I wanted my harvester to be multi-source. So if it was able to work with temperature difference this would be interesting. I wanted to test my Peltier module but it can't simply be plugged in or risks to be damaged. A heat sink should be added to the hot side and linked to it with a thermal glue. I will purchase such a glue and make a test. For the heat sink I saw small ones at Letmeknow. Those are be quite cheap. From what I read the temperature needs to be quite high at an interface and often requires fluid circulation. My small Peltier module is a TEC-thermoelectric cooler- and TEG-thermoelectric generator- are strongly advised to produce thermoelectricity. The only issue is the price of TEG technologies.

Energy storage

To store more energy, the use of supercapacitor is recommanded. This is why I ordered 2 with different capacitances (1Farrad and 330 mF)

Design

I was thinking about a design. I would like something good looking. I considered fixing the piezo on a soft surface. I considered wood. I saw a nice pattern with double curvature. I made a test with the hexagonal pattern.



In Corel Draw I switched all the lines to black and combined them.

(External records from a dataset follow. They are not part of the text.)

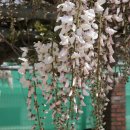 무안북중학교 이미지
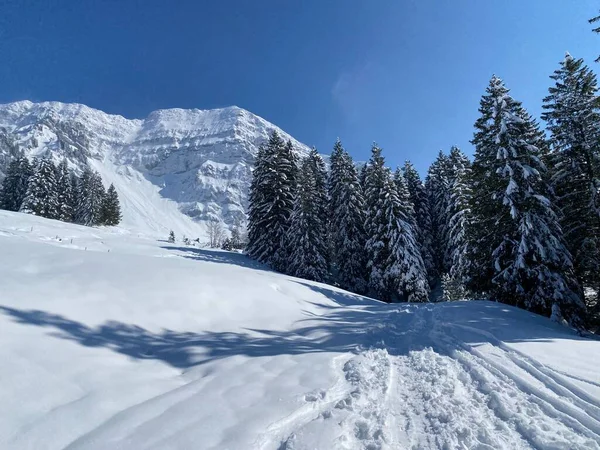 Wonderful Winter Hiking Trails Traces Slopes Alpstein Mountain Range Fresh — ストック写真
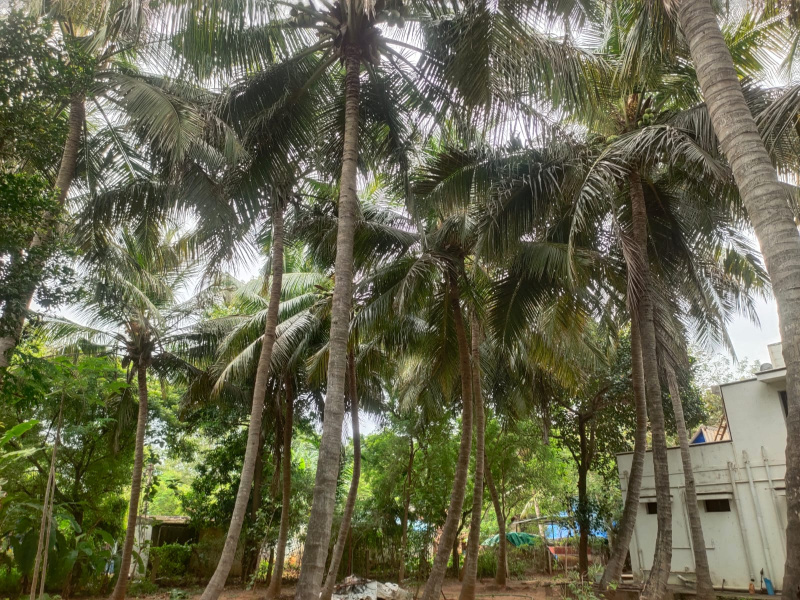 2 BHK Villa 170000 Sq.ft. for Sale in Ammapettai, Thanjavur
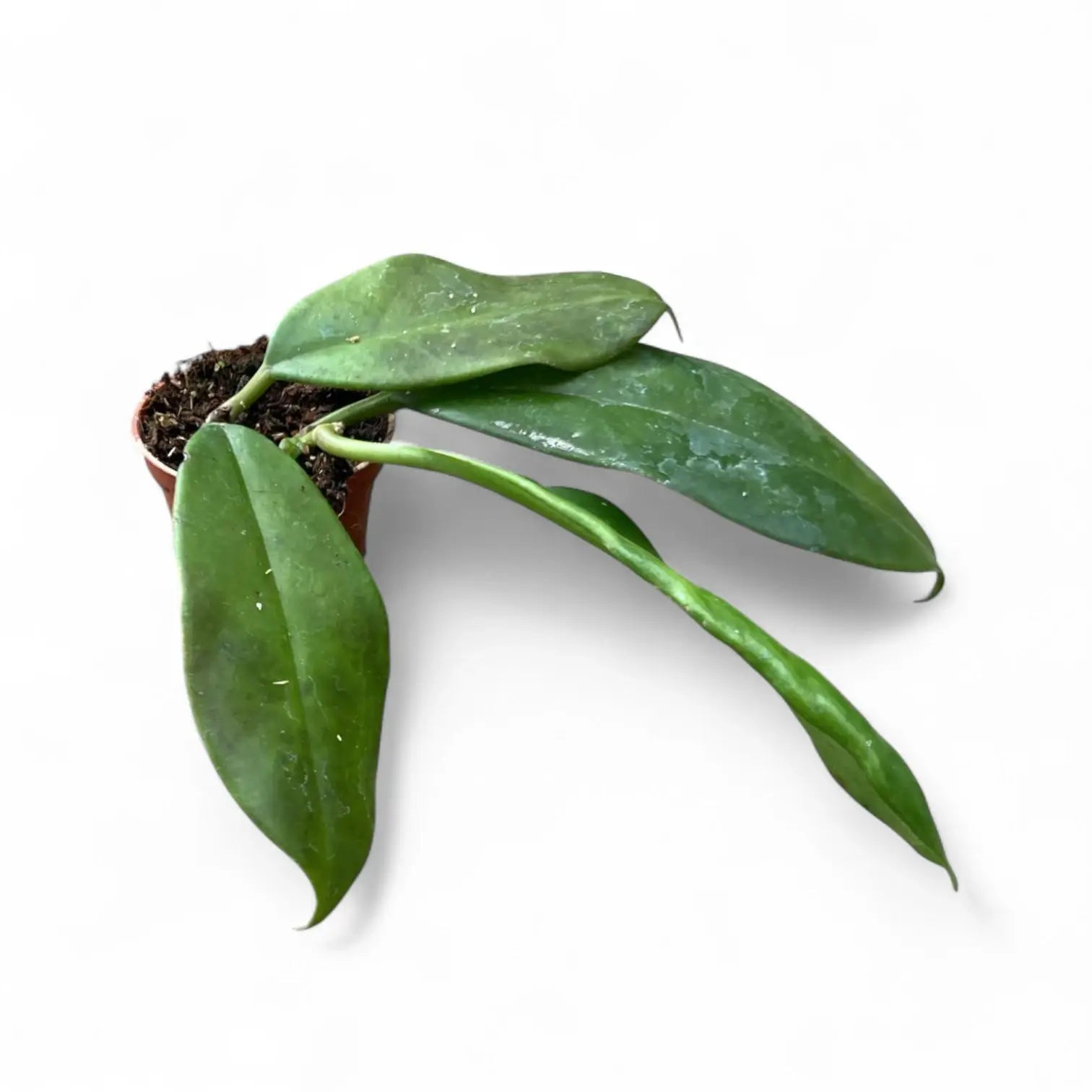 Hoya maingayi potted houseplant in nursery pot on white background, product photo 2.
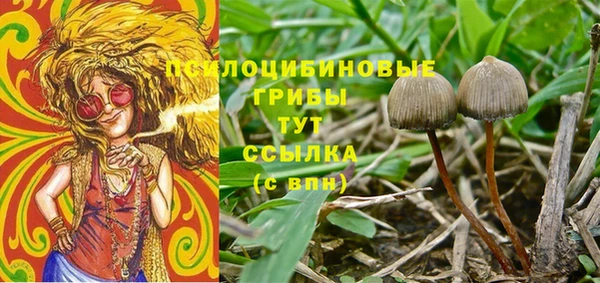 стаф Нязепетровск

The lasering was quite long as the path density could have indicated. The laser was maybe too strong as the bottom was completely carbonized. The coupon could bend in all direction but was quite fragile.



Maybe building a composite could be quite nice. Adding an impermeable fabric between the wood and the electronics could be a good call or a thin layer of silicon.

Let's say we have 3 weeks. I consider the week to have 6 working days.


The first week will be dedicated to tests and validation

D1	D2	D3	D4	D5	D6
Testing kerfing wood with the laser	Testing energy harvesting system: Peltier vs. piezo	Testing energy harvesting system: Solenoid	Building solenoid	Testing energy storage and saving (watch dogs..)	Testing different designs with 3D printer/laser cuttings

The second week will design and model in 3D.

D1	D2	D3	D4	D5	D6
Energy harvesting sytem design	Energy harvesting sytem design 2	Board design: slave	Board design: master	Tiles deformable part	Tiles static part

The third week will dedicated to the production and the tests.

D1	D2	D3	D4	D5	D6
Energy harvesting system production	Documentation	Board design: slave production	Board design: master production	Tiles deformable part molding	Tiles static part milling

Success criteria

I will have several KPI:


-the overall energy consumption with plug-in power meter as soon as a tool is used



- The energy autonomy of my device, even if the goal isn't 100%, I would like to have a consumption decreasing as the project progress.

For this project I am planning to use:


- 3D conception with Fusion
- CNC for the structure boards
- Molding for the covering
- 3D printing for the mechanical parts
- Electronical conception with Eagle
- Electronics for the boards
- Programming for the electronics and the interface

This was a rich review as most attended. Bianca presented her final project: a moisture sensor for plants. Joris told us about his modular lego sensor (a VOC-the most expensive-, a led, a Wifi, a humidity sensor one). I was the next one. A drawing is lacking on my page but Aldo gave me really nice references from IAAC self sufficiency research . IAAC investigated self sufficient biosystems organized in tiles. In one project the tiles mimick valleys so the water is running through it. In another one material with each having its specificity/functionality are stacked. Aldo think going in the organic direction might be a good idea as well as embedding organisms. He also told us about his project of large printing in clay, about how cracks formed as the material retracted and how they are about to print mycelium along clay to prevent and heal the cracks. The mycelium mimicking tree roots. He invited me to consider the context of the tiles, its environment. Yassine described his underwater sensor, he drew very synthetic illustrations. Denis told us abut his granular grip, he gave us a nice reference: the soft robotics toolkit. He is first planning to build a 2D silo. Aldo mentionned the self-assembly lab and the aerial assembly project. We were reminded that the final project should have the following components: an electronic part, a mecanical one, a 3D production and an interface.